Now to take care of the second issue. Sending a message. Abner went back to bat form and curled up against Jayne’s neck. He wasn’t to kill Jayne. So he’d have to bite lower.
And hopefully not get caught or squished by a rolling patient. The base of the neck, near the shoulder. That would do.
Carefully, the vampire extended his fangs to bite in.
It would have taken a fire alarm and some good shaking to pull Jayne out of his drug-induced haze. Sprinklers, too, probably.
As something small pinched painfully at his neck, however, Jayne did whimper a little and try to scoot away.
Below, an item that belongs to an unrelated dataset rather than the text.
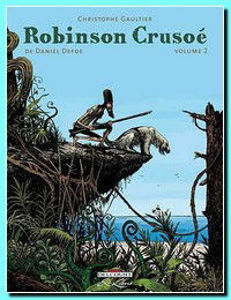 Image de Robinson Crusoé tome 2
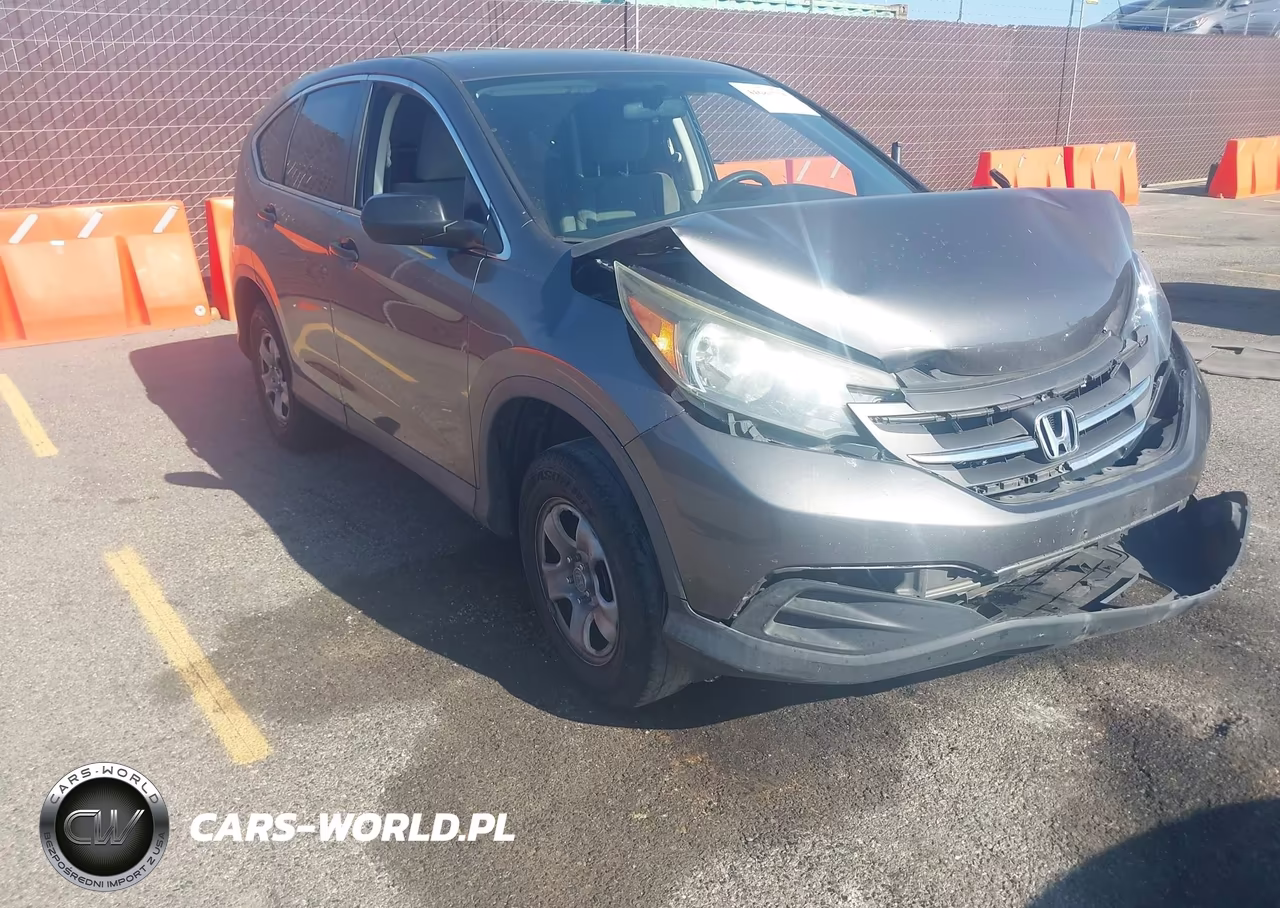2014 Honda Cr-V Lx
His hazy dreams of open doorways, shifting colors, and scattered puzzle pieces gave way to thoughts of needles. The pinpoint burn of a hypodermic needle, the crunch and crinkle of paper under him as he sat on yet another examining table, a faint dizziness as the blood pressure cuff tightened then slowly released around his arm, and pointedly avoiding the gaze of every doctor and nurse. Usually in dreams he didn’t look because they didn’t have faces. Now he cast his gaze down so that he wouldn’t see their expressions when they noticed his scars. Being shirtless was always the worst. He couldn’t forget that. The memory was enforced by too many sympathetic noises or comments, always looking down at the raw flesh and nubby scar tissue dots made by stitches, being helped because he couldn’t rub the ointment in properly, being taught to massage the sensitive skin so it wouldn’t tighten up and be painful later. And all the time those looks.
The pain, the lightheadedness, the helplessness. Jayne struggled to keep his head above it so it wouldn’t drown him as he slept. He gasped in his sleep and his fingers scrabbled at the sheets slowly like hands treading water.